WORK ITEM — No pictures go into the copy. Write out exactly the lines below from the one containing "Two wooden desks" through the one containing "Male student using laptop in library View".

EXERCISE DATA —
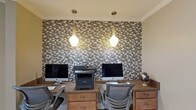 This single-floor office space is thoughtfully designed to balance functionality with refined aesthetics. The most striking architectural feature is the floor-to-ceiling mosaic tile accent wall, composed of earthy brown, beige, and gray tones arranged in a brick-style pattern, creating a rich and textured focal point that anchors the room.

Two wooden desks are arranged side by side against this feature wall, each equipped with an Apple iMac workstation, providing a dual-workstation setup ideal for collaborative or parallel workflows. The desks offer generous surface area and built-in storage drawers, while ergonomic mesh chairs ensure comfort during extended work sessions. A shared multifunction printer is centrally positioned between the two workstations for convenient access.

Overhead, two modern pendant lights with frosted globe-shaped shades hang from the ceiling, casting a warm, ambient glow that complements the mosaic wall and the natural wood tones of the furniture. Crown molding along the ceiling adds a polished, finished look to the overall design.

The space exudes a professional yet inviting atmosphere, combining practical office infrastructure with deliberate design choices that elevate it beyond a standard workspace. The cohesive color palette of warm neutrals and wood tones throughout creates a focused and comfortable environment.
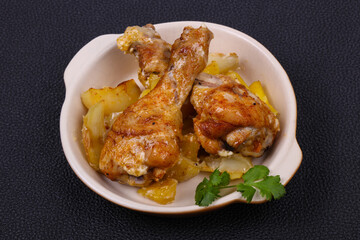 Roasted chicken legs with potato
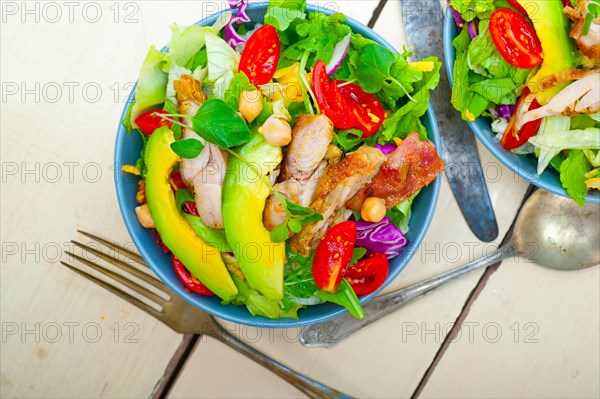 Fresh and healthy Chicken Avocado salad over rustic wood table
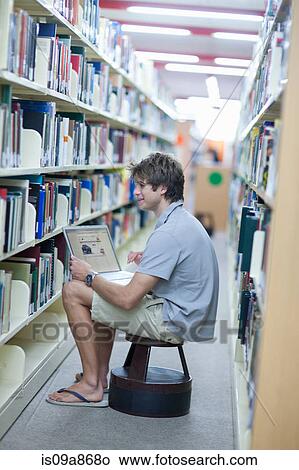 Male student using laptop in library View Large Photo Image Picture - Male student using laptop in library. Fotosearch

---

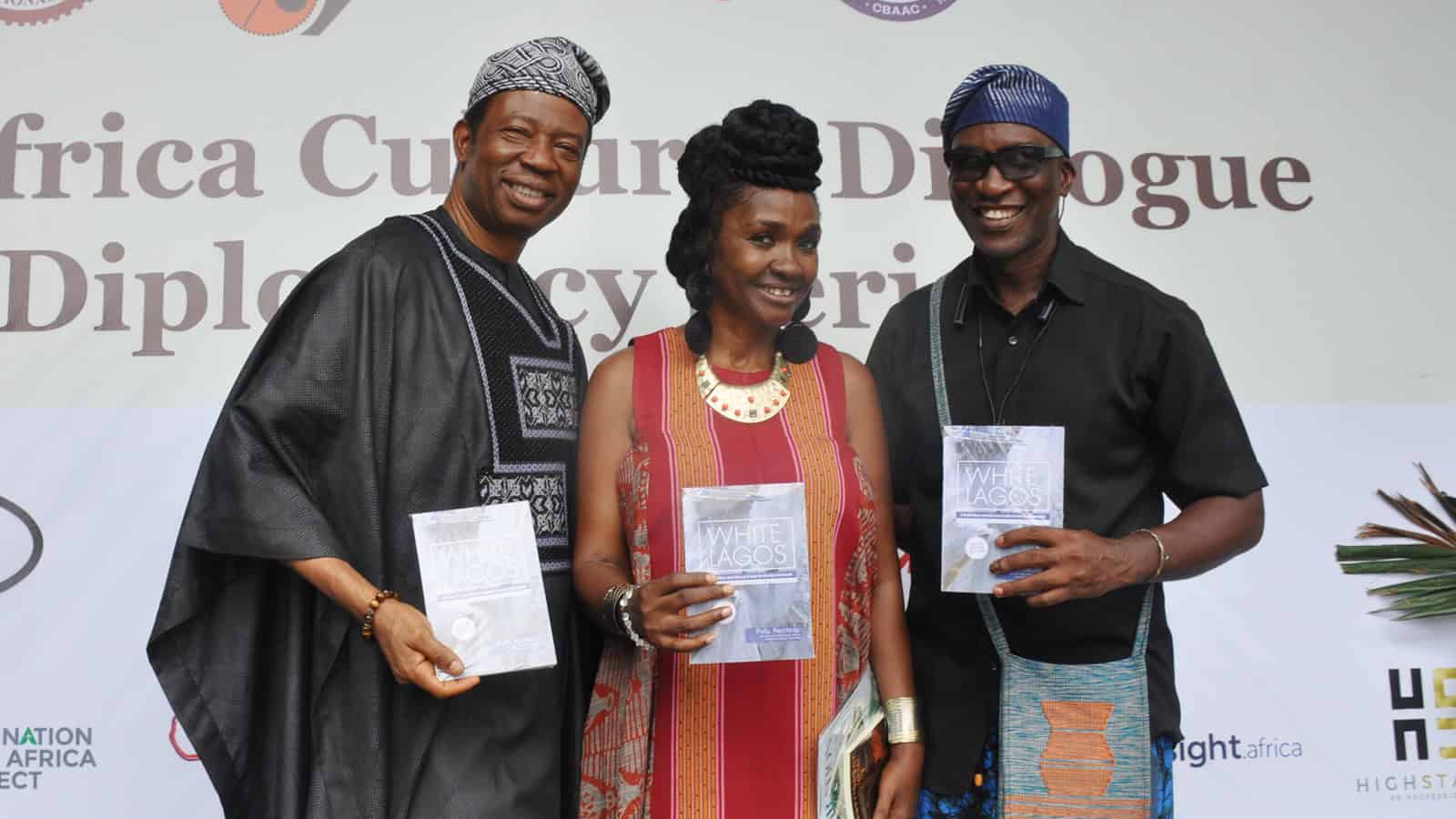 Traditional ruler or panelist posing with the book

REPLY TO THE EXERCISE —
Two wooden desks are arranged side by side against this feature wall, each equipped with an Apple iMac workstation, providing a dual-workstation setup ideal for collaborative or parallel workflows. The desks offer generous surface area and built-in storage drawers, while ergonomic mesh chairs ensure comfort during extended work sessions. A shared multifunction printer is centrally positioned between the two workstations for convenient access.

Overhead, two modern pendant lights with frosted globe-shaped shades hang from the ceiling, casting a warm, ambient glow that complements the mosaic wall and the natural wood tones of the furniture. Crown molding along the ceiling adds a polished, finished look to the overall design.

The space exudes a professional yet inviting atmosphere, combining practical office infrastructure with deliberate design choices that elevate it beyond a standard workspace. The cohesive color palette of warm neutrals and wood tones throughout creates a focused and comfortable environment.
 Roasted chicken legs with potato
 Fresh and healthy Chicken Avocado salad over rustic wood table
 Male student using laptop in library View Large Photo Image Picture - Male student using laptop in library. Fotosearch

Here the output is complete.